→ Exercise requirements
Pictures are to be left out; every line from the one with "MariaNeumann online show" through the end of the data must be transcribed exactly.

→ Input data
........

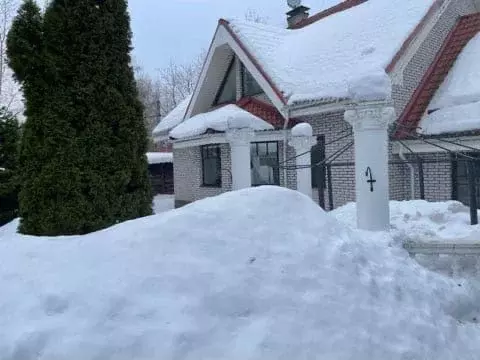 Коттедж в Санкт-Петербург пос. Парголово, Березовая аллея (350 м) - Фото 0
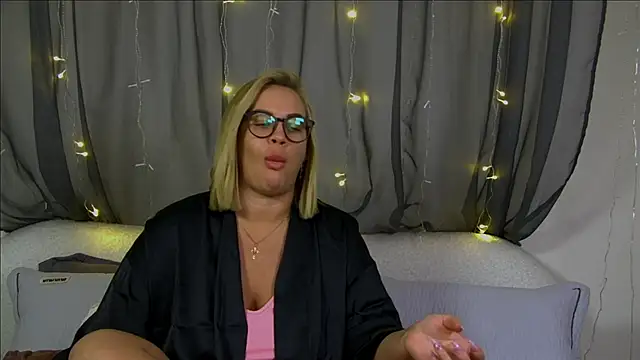 MariaNeumann online show from 11-09-25, 06:39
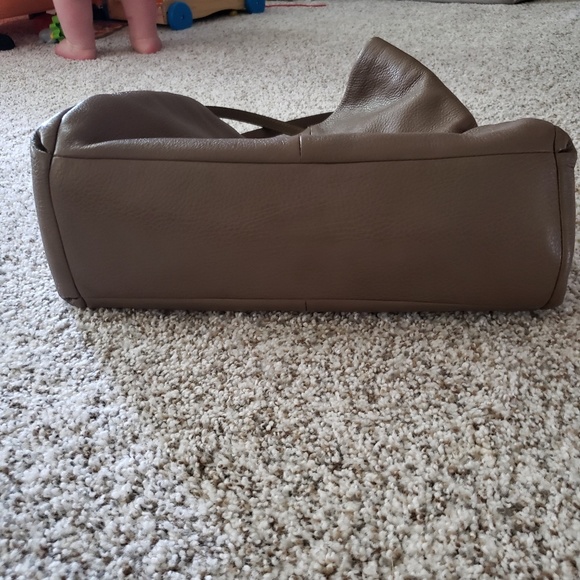 Coach Madison leather purse - Picture 5 of 6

........

→ Result of this exercise
 MariaNeumann online show from 11-09-25, 06:39
 Coach Madison leather purse - Picture 5 of 6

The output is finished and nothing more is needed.